# Newest Quilt



## 7thswan (Nov 18, 2008)

I have a question. How does everyone get all the little "pills" off of the flannel?
They are more noticable on the dark back of the quilt. I have another almost done and it has a black flannel back,that will look awful with white pills on it. There must be a secret, HELP! I need to send this out in the mail to Grandbaby. It's 12 x12 7 inch squares.


----------



## 7thswan (Nov 18, 2008)

Noone knows? This is a new quilt I just washed it twice, the flannel snipps sheded nice. This is not the other big pink one I did. I haven't washed it yet.


----------



## Tinker (Apr 5, 2004)

Have you tried one of those sweater shavers? Or the tacky strips you use to remove hair & lint from clothes---a lint roller?


----------



## 7thswan (Nov 18, 2008)

I have tryed duct tape, and a nail scrubber,The nail scrubber seems to work the best so far, but alot of work. Thanks!


----------



## Belfrybat (Feb 21, 2003)

Lovely quilt. I have no idea on how to remove the pills except to pull them off by hand or use tape, which I see you've already done without success. Frustrating, isn't it?


----------



## 7thswan (Nov 18, 2008)

Thank You. I am going to try to get a "shaver" today. I wanted to send it out today, I hope the post office is open until 5. Thanks!!!!


----------



## DW (May 10, 2002)

I used some cheap flannel and it pilled. I used a stiff hair brush and it did a pretty good job.


----------



## puddlejumper007 (Jan 12, 2008)

beautiful quilt.....i love polkadots.....


----------



## 7thswan (Nov 18, 2008)

puddlejumper007 said:


> beautiful quilt.....i love polkadots.....


It has tiny dots,med.dots,stars,plaid and a stripe.

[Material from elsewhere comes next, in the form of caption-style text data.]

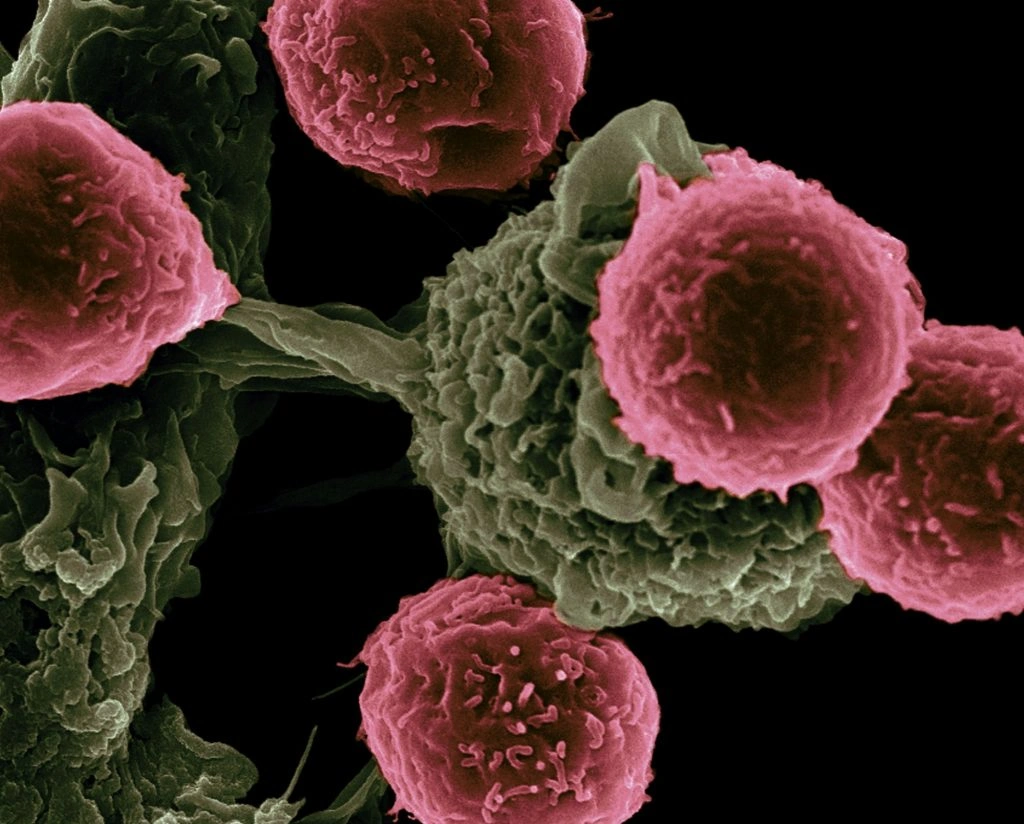 Τα τελευταία χρόνια, η επιστημονική έρευνα στρέφεται όλο και πιο συστηματικά στη μελέτη φυσικών σκευασμάτων για πιθανές αντικαρκινικές ιδιότητες. Αν και κανένα βότανο δεν αντικαθιστά την ιατρική θεραπεία, αρκετά φυτά φαίνεται να έχουν ενδιαφέρουσες βιοδραστικές ουσίες που χρήζουν περαιτέρω μελέτης.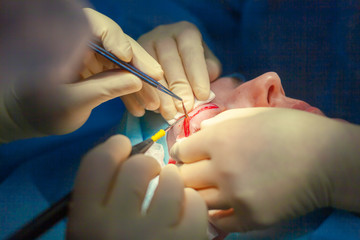 Obraz na płótnie Canvas Close up of surgeons hands performing an incision on the upper eyelid of the patient starting the blepharoplasty operation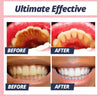 1+1 FREE TODAY | CleanStain™ - Stain Removal Toothpaste
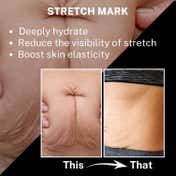 House of Beauty Stretch Mark Oil (50 ml)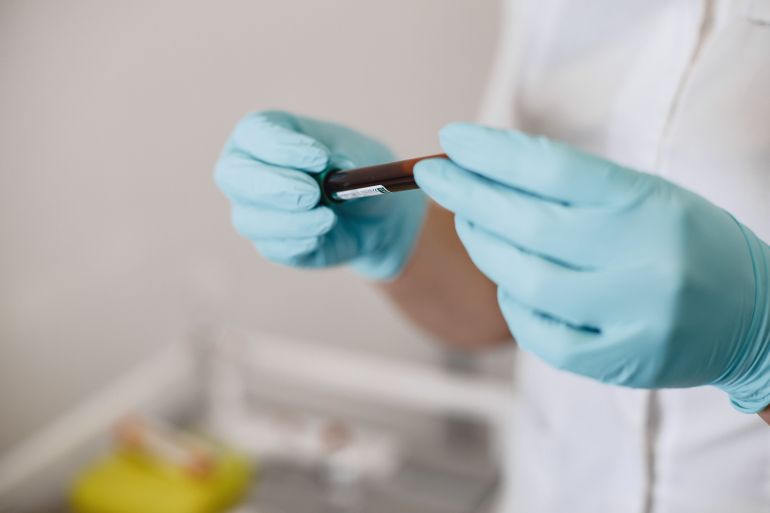 Close-up of a lab technician holding a blood sample vial in a medical laboratory setting.
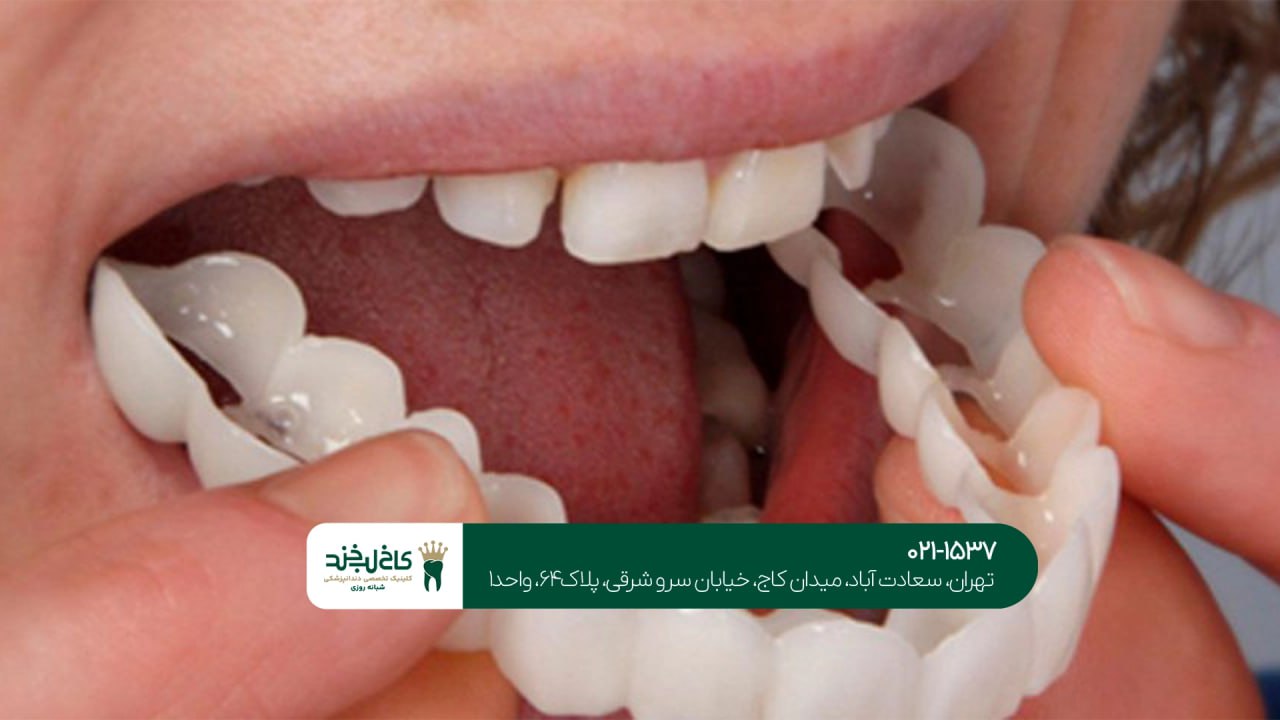 روکش دندان اقساطی در تهران روکش دندان اقساطی در تهران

She is 7 ,I did not want to make anything to cheezy, so she could keep it a long time if she wants.


----------



## scooter (Mar 31, 2008)

I know I'm probably late with ideas, but, I googled removing pilling from flannel.

*Removing Pills From Fabric | ThriftyFun*

www.thriftyfun.com/tf53465109.tip.html

Maybe this will help you next time as I see you've been making a lot of quilts with flannel.


----------



## hmsteader71 (Mar 16, 2006)

I use a lint roller.


----------



## 7thswan (Nov 18, 2008)

I ended up useing a nail brush. But kept a throwaway razor right near,but did not try it. Thanks for all the help. I'm kinda worried how bad the black and white one is going to be. I'll tackle that after Christmas.


----------



## Becka (Mar 15, 2008)

Beautiful quilt. I've used cheap clear packing tape to get the pills off mine. I just put a strip of tape on the quilt and lifted off the pills until the tape was full, then tossed the used tape and started with a fresh strip.


----------